Potsdam : On the 60th anniversary of the building of the Berlin Wall, the leader of Germany’s conservative Christian Democratic Union Armin Laschet paid tribute to its victims on the former border between East and West Germany, said dpa international.
“Only an unjust state shoots at its own people,” said Laschet on Friday at a commemoration event at the Glienicke Bridge in Potsdam, where multiple spy exchanges between US and Soviet intelligence agencies occurred during the Cold War.
Saying he represented all the victims of the Wall, Laschet paid tribute in particular to 20-year-old Chris Gueffroy, who was the last victim to be shot as he attempted to cross the death strip in February 1989. The wall fell later the same year.
Laschet, who is the CDU’s candidate for chancellor in next month’s German election and the likely successor to Angela Merkel, recalled watching the fall of the Wall on November 9 1989 in his home town of Aachen. “I cried with joy at what you saw on television,” he said.
Germany’s President Frank-Walter Steinmeier paid tribute to the victims of decades of division and described the wall as “testimony to a hopeless failure”.
“The Wall was the unmistakable sign of an unjust state that was neither sovereign nor legitimate in the eyes of its own citizens.
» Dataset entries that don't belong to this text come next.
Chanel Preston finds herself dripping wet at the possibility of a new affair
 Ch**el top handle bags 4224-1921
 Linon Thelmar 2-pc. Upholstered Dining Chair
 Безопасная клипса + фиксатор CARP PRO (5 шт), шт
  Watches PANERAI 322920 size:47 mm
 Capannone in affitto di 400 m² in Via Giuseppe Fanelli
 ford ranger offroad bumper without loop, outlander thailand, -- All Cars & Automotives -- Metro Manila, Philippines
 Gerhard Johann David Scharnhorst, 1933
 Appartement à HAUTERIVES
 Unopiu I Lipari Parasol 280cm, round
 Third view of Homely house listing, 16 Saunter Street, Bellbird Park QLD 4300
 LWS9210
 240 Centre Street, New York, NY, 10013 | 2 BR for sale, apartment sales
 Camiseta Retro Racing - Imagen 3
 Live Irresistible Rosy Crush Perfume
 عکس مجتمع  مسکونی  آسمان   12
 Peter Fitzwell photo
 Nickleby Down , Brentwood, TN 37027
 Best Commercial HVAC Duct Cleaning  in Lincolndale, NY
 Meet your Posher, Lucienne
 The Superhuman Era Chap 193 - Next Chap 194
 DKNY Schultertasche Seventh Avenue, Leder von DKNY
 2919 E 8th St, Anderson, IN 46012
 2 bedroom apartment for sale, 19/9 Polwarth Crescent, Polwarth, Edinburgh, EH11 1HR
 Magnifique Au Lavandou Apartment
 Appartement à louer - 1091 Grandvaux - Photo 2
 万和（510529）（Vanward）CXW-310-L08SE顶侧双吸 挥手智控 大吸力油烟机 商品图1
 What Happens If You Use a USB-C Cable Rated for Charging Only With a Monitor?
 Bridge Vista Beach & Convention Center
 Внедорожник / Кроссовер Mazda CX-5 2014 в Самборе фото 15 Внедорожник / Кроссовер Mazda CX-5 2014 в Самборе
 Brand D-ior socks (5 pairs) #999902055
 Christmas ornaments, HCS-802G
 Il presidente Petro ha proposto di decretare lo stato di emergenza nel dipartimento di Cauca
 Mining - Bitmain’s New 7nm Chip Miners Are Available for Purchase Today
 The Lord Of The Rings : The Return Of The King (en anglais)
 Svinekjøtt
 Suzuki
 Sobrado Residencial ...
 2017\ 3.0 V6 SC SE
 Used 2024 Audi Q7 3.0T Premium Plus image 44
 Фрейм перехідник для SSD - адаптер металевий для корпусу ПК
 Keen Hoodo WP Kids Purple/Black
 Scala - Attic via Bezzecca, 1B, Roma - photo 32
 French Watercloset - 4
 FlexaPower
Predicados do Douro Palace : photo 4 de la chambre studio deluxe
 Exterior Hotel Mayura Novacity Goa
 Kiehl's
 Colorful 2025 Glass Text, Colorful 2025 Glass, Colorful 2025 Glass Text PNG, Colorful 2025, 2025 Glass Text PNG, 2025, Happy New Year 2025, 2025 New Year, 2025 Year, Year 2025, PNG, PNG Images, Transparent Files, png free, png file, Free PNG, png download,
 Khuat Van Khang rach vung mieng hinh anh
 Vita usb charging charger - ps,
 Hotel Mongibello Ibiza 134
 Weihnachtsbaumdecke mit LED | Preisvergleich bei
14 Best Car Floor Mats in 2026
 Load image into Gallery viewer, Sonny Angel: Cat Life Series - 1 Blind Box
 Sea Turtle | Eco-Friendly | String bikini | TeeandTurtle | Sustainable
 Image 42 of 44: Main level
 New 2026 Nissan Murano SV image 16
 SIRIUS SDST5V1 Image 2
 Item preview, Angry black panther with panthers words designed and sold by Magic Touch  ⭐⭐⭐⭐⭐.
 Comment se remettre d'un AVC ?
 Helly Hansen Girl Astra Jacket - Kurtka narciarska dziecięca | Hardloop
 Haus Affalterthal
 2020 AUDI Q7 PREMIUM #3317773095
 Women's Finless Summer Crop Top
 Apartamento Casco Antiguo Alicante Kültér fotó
Basically the beginning of the end – which, however, was all too long in coming,” Steinmeier said at the central commemoration in Berlin on Friday.
“13 August 1961 was a fateful day for us Germans and for the world – and a day that destroyed hopes and dreams, that separated parents from children, grandparents from grandchildren, that intervened painfully and sorrowfully in the lives of countless individuals,” he continued.
“When we remember the building of the Wall today, we also remember the dead and injured and those arrested – all those who put their lives on the line for the sake of freedom.”
The building of the concrete barrier rapidly turned into a major symbol of the Cold War and Europe’s post-Second World War divide.
East German soldiers began the moves to build what the communist authorities described as the Anti-Fascist Protection Barrier when they laid out more than 48 kilometres of barbed wire through central Berlin in the night to August 13, 1961.
Guard towers quickly sprung up in the east along the hated wall to oversee the so-called death strip between Germany’s western and eastern parts, with East German citizens essentially forbidden from travelling to the west. About 5,000 succeeded in escaping.
The Berlin Wall’s construction also came after a steady flow of East German citizens headed to the west during the first 12 years of the pro-Moscow state, which was founded in 1949.
The wall was finally swept away in a popular revolution in the east in November 1989, paving the way for Germany’s historic unification.
Steinmeier said the Berlin Wall serves as an enduring reminder to not take democracy for granted.
“Freedom and democracy are never given by nature, never achieved once and for all. Freedom and democracy must be fought for, but then protected, defended and preserved. Freedom and democracy need decisive commitment and passion.”